La France, longtemps critique, a finalement voté en faveur du texte amendé (comme 20 autres Etats membres), arguant d’un texte améliorée par rapport au premier projet car concernant les perturbateurs endocriniens « présumés », et non plus seulement avérés.

« On a gagné une bataille mais pas la guerre », a expliqué le ministre français de la Transition écologique Nicolas Hulot à l’AFP, regrettant en particulier de ne pas avoir pu faire supprimer l’exemption pour les pesticides conçus comme des perturbateurs endocriniens.

La France se réserve le droit d’interdire unilatéralement certaines substances sur son territoire, comme la législation européenne le lui permet.

La Suède, qui comme le Danemark a voté contre, a estimé que les critères retenus « ne sont pas en ligne avec les réglementations de base et les niveaux élevés de protection auxquels ils se réfèrent ». Stockholm promet aussi de continuer à argumenter pour amender encore le texte.

La déception d’Inter Environnement Wallonie

Valérie Xhonneux, d’Inter Environnement Wallonie se montre plutôt pessimiste face à cette décision. Elle s’est exprimée au micro de la RTBF: « Nous sommes assez déçus par cet accord. Pour nous, il ne permettra pas d’assurer un niveau élevé de protection de la santé humaine et de l’environnement. Les exigences de niveau de preuve qui sont fixés par la Commission européenne sont excessivement élevés ce qui va rendre la tâche d’identification des perturbateurs endocriniens très difficile ; ça va prendre du temps pour les identifier, ce qui n’est pas positif.« 

Elle ajoute: « Et en plus, il y a une possibilité d’exemption, qui pourrait revenir sur la table, qui prévoit que les pesticides qui sont conçus pour agir sur le système hormonal des insectes ne se verraient pas interdire et, donc, les similitudes qu’il pourrait y avoir dans le système hormonal des invertébrés et celui des mammifères et notamment des êtres humains ne seraient pas couvertes non plus. Donc, on a quand même des insatisfactions majeures par rapport à l’accord conclu aujourd’hui.« 

De son côté, Phytofar, l’association belge de l’industrie des produits de protection des plantes s’est dit déçue, par voie de communiqué, par le vote des États membres de l’UE sur les critères de définition des perturbateurs endocriniens.

L’association estime que « la définition, telle qu’adoptée, ne prend pas suffisamment en compte certaines informations scientifiques cruciales et ignore le concept d’évaluation des risques. »

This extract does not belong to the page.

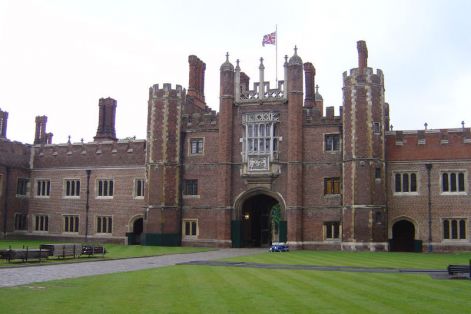 800px-hampton_court_rjl.jpg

Phytofar se déclare en faveur d’une réglementation des perturbateurs endocriniens et soutient l’usage de la définition de l’Organisation mondiale de la santé (OMS). L’association regrette toutefois que la Commission n’ait pas saisi l’opportunité de développer un ensemble de critères faisant réellement la distinction entre des substances perturbatrices endocriniennes ayant des effets négatifs avérés sur la santé, et toutes les nombreuses substances sans effets néfastes.

Phytofar ajoute avoir espéré que la Commission et les États membres prendraient toutes les informations scientifiques disponibles et pertinentes en compte afin de déterminer des effets perturbateurs endocriniens potentiels : la puissance des effets de chaque substance, mais aussi l’exposition à ceux-ci, la gravité et la réversibilité de ces effets sur la santé.